# Chemcraft



## canopainting (Feb 12, 2013)

We just sprayed Chemcraft satin Variset Plus Pre Cat pigmented top coat today. Sprayed white over 12 yr old white lacquer, Sprayed like a dream. Used a ED655, can be sanded in one hour if weather permits, , must be top coated same day. Looks beautiful. Has anyone used this? Good wetting. 2 oz of retarder.


----------



## cocomonkeynuts (Apr 14, 2017)

canopainting said:


> We just sprayed Chemcraft satin Variset Plus Pre Cat pigmented top coat today. Sprayed white over 12 yr old white lacquer, Sprayed like a dream. Used a ED655, can be sanded in one hour if weather permits, , must be top coated same day. Looks beautiful. Has anyone used this? Good wetting. 2 oz of retarder.

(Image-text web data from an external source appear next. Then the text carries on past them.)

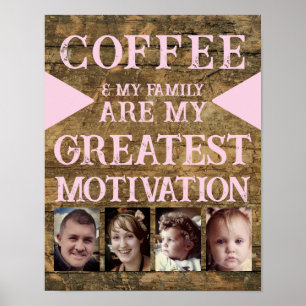 Affiche Motivation famille de café 4 photo brun rose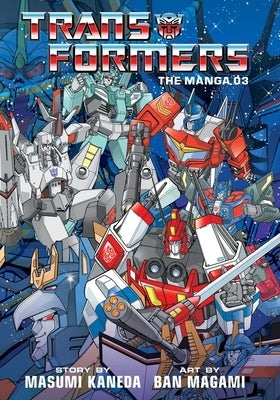 Transformers: The Manga, Vol. 3, 3 by Kaneda, Masumi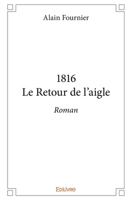 1816Le Retour de l'aigle: Roman (French Edition) 2414233680 Book Cover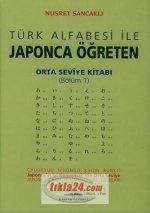 Türk Alfabesi Ile Japonca Ögreten Orta Seviye Kitabi Bölüm 1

Be careful going over existing lacquer too many mils can lead to the surface cracking.


How do you like that pump? Looks interesting, though I am preferential to my graco 9.5


----------



## Mr Smith (Mar 11, 2016)

canopainting said:


> We just sprayed Chemcraft satin Variset Plus Pre Cat pigmented top coat today. Sprayed white over 12 yr old white lacquer, Sprayed like a dream. Used a ED655, can be sanded in one hour if weather permits, , must be top coated same day. Looks beautiful. Has anyone used this? Good wetting. 2 oz of retarder.


Weather permits? Somebody lacquered an exterior surface? I'm not sure I understand what you did or what the coating actually is. Waterbased? 

I have a sample gallon of waterbased Chemcraft (white for cabinets) that I haven't used yet but it is not what you describe.


----------



## canopainting (Feb 12, 2013)

They don't recumbent using when Humidity is above I think 65%


----------